8.2.3.2. Assignment 2.

And now a bit more serious work with Fourier series. In controlsystems it’s interesting to see how a system behaves when we apply a certain input signal. Much used input signals are step (Heaviside), ramp (sawtooth) and pulse (dirac, this one can result in some problems with sympy by the way). Determine the Fourier response for those 3 signals using sympy and plot a few terms of the series for a short interval. Plot input AND output signal. The result should look like:

../../_images/sawtooth.png

8.2.3.3. Assignment 3.

Write a Python function which creates a sine of 100 Hz and returns the samples with timing. Recreate the timedomain signal by using a Sinc and plot both functions. Experiment with different samplesarate above and below the Shannon frequency and show what happens.

8.2.3.4. Assigment 4.

Do the same for the following function:

\[x(t) = sin(\omega t) + 5 sin (3\omega t) + 3 cos(7\omega t + 10)\]

Show what happens with different samplefrequencies.

8.2.3.5. Assignment 5.

The next file muziek_48kHz.wav contains a short piece of music in wav format.

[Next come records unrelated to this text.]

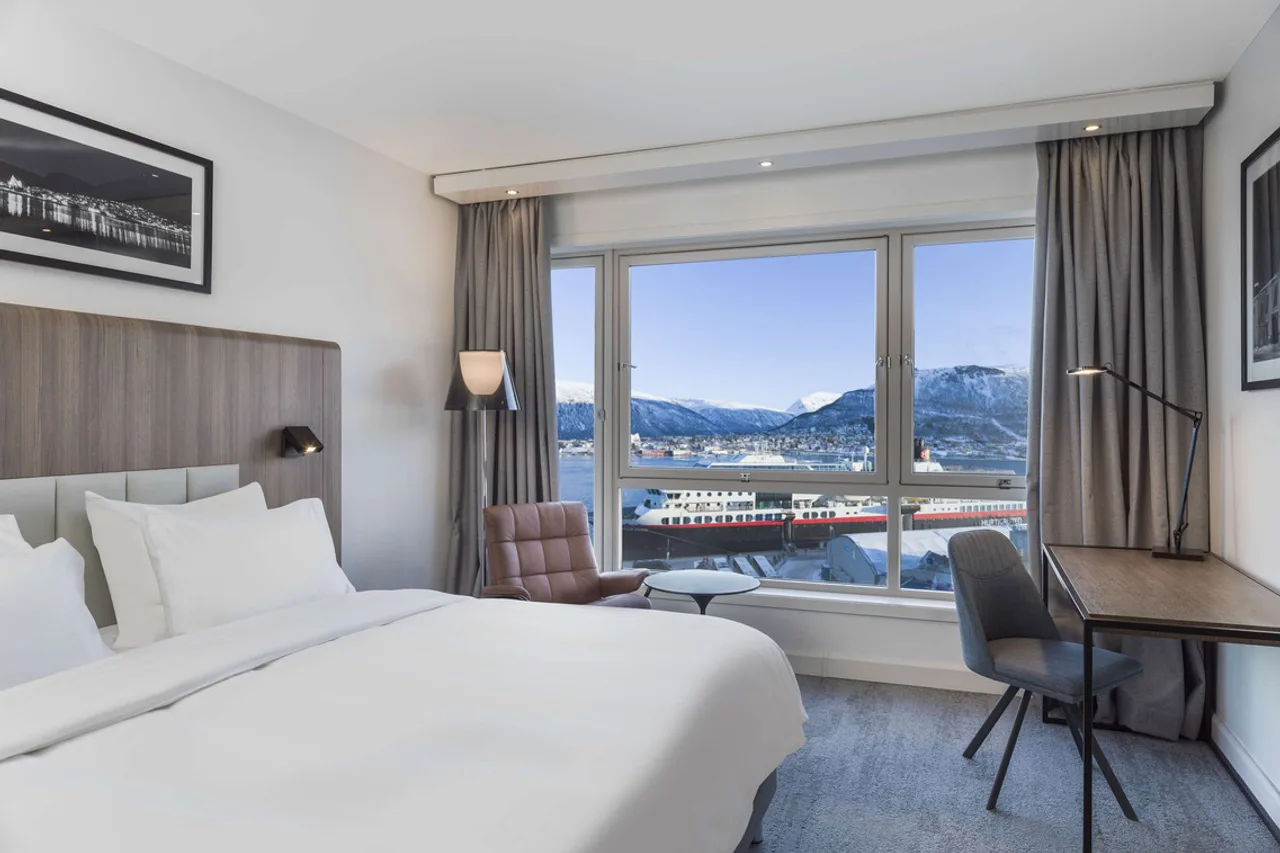 Radisson Blu Hotel, Tromsø — ทรอมโซ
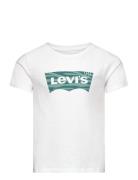 Levi's® Zebra Batwing Tee Levi's White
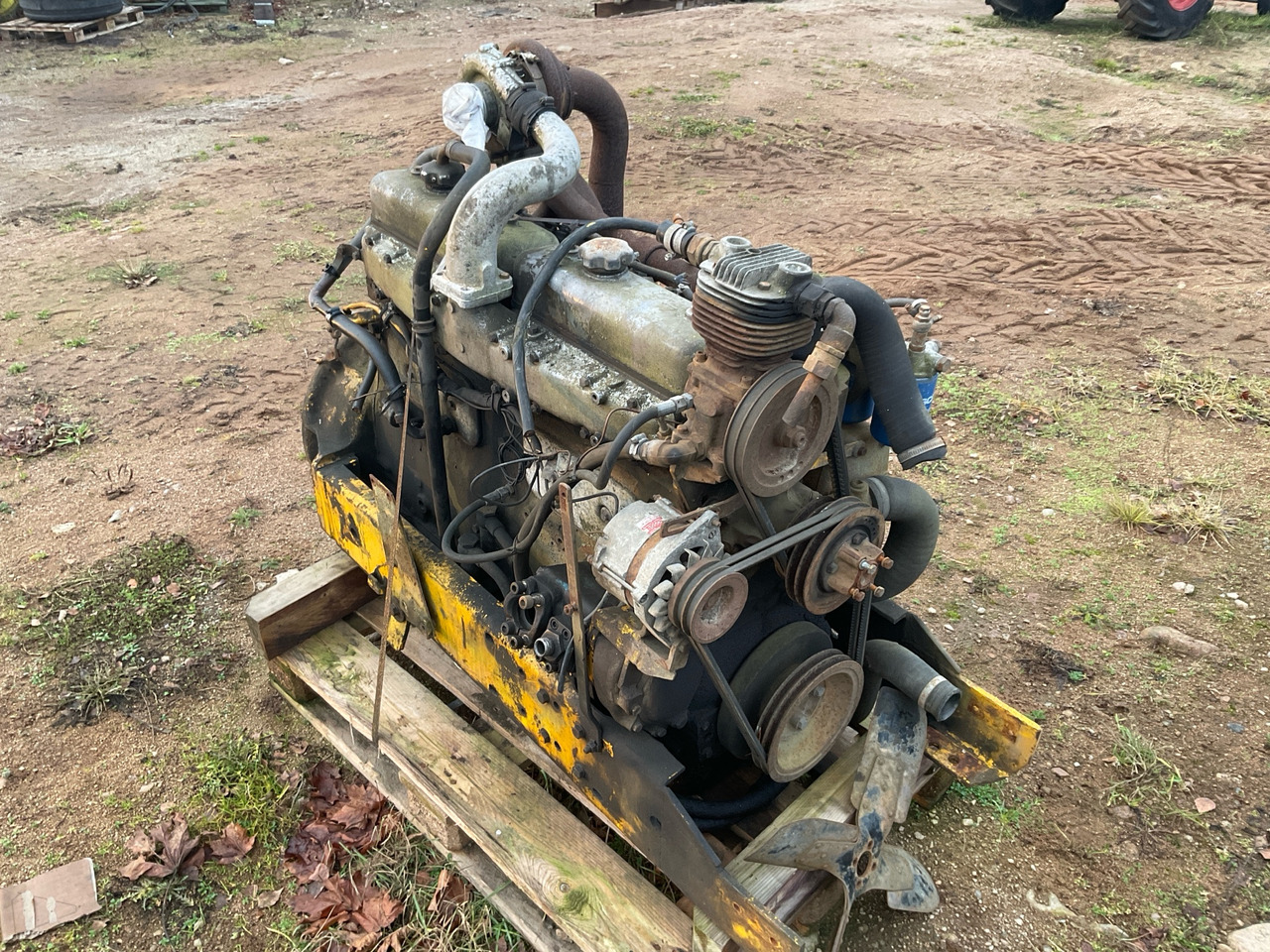 Volvo TD70B - Matériel de chantier: photos 1 Volvo TD70B - Matériel de chantier: photos 1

Using the ‘wave’ library of Python you can extract several interesting fields of this file:

wav_header_dtype = np.dtype([
 ("chunk_id", (str, 4)),
 ("chunk_size", "<u4"),
 ("format", "S4"),         # 4-byte string
 ("fmt_id", "S4"),
 ("fmt_size", "<u4"),
 ("audio_fmt", "<u2"),
 ("num_channels", "<u2"),
 ("sample_rate", "<u4"),
 ("byte_rate", "<u4"),
 ("block_align", "<u2"),
 ("bits_per_sample", "<u2"),
 ("data_id", ("S1", (2, 2))),
 ("data_size", "u4"),
 ])

Load the music using ‘readframes’ and perform a ‘downsampling’ by using only 1 sample of each 6 samples and create a new wav file. Play the wav file. Not very nice, as you will notice. What has happened? The correct way is using a resample function. On linux the easy route is using the program ‘sox’. Do a resampling to 8 kHz and compare the file with the original.

8.2.3.6. Assignment 6.

Download the following file containing EEG measurement data: :download: EEG data You will see that it is quite noisy. The file cotains samples of 16 samples and was sampled with 500 Hz. we are only interested in channel 1. Plot this channel and take care to have correct values on the axis. We can filter this signal using convolution from the numpy library using a window of ‘ones’:

window = np.ones(int(window_size))/float(window_size)

Plot the filtered signal with a different color and experiment with the window size. Start with 10 for instance.